You can have more than one qualified plan, but your contributions to all the plans must not total more than the overall limits discussed under
Contributions and Employer Deduction, later.
Defined Contribution Plan
A defined contribution plan provides an individual account for each participant in the plan. It provides benefits to a participant largely based on
the amount contributed to that participant's account. Benefits are also affected by any income, expenses, gains, losses, and forfeitures of other
accounts that may be allocated to an account. A defined contribution plan can be either a profit-sharing plan or a money purchase pension plan.
Profit-sharing plan.
A profit-sharing plan is a plan for sharing your business profits with your employees. However, you do not have to make contributions out of net
profits to have a profit-sharing plan.
The plan does not need to provide a definite formula for figuring the profits to be shared. But, if there is no formula, there must be systematic
and substantial contributions.
The plan must provide a definite formula for allocating the contribution among the participants and for distributing the accumulated funds to the
employees after they reach a certain age, after a fixed number of years, or upon certain other occurrences.

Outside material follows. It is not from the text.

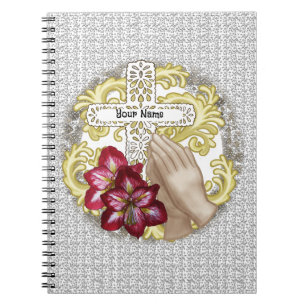 Cuaderno Mi Cruz Cristiana Amaryllis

In general, you can be more flexible in making contributions to a profit-sharing plan than to a money purchase pension plan (discussed next) or a
defined benefit plan (discussed later). But the maximum deductible contribution may be less under a profit-sharing plan (see Limits on
Contributions and Benefits, later).
Forfeitures under a profit-sharing plan can be allocated to the accounts of remaining participants in a nondiscriminatory way or they can be used
to reduce your contributions.
Money purchase pension plan.
Contributions to a money purchase pension plan are fixed and are not based on your business profits. For example, if the plan requires that
contributions be 10% of the participants' compensation without regard to whether you have profits (or the self-employed person has earned income), the
plan is a money purchase pension plan. This applies even though the compensation of a self-employed individual as a participant is based on earned
income derived from business profits.
Defined Benefit Plan
A defined benefit plan is any plan that is not a defined contribution plan. Contributions to a defined benefit plan are based on what is needed to
provide definitely determinable benefits to plan participants. Actuarial assumptions and computations are required to figure these contributions.
Generally, you will need continuing professional help to have a defined benefit plan.
Forfeitures under a defined benefit plan cannot be used to increase the benefits any employee would otherwise receive under the plan. Forfeitures
must be used instead to reduce employer contributions.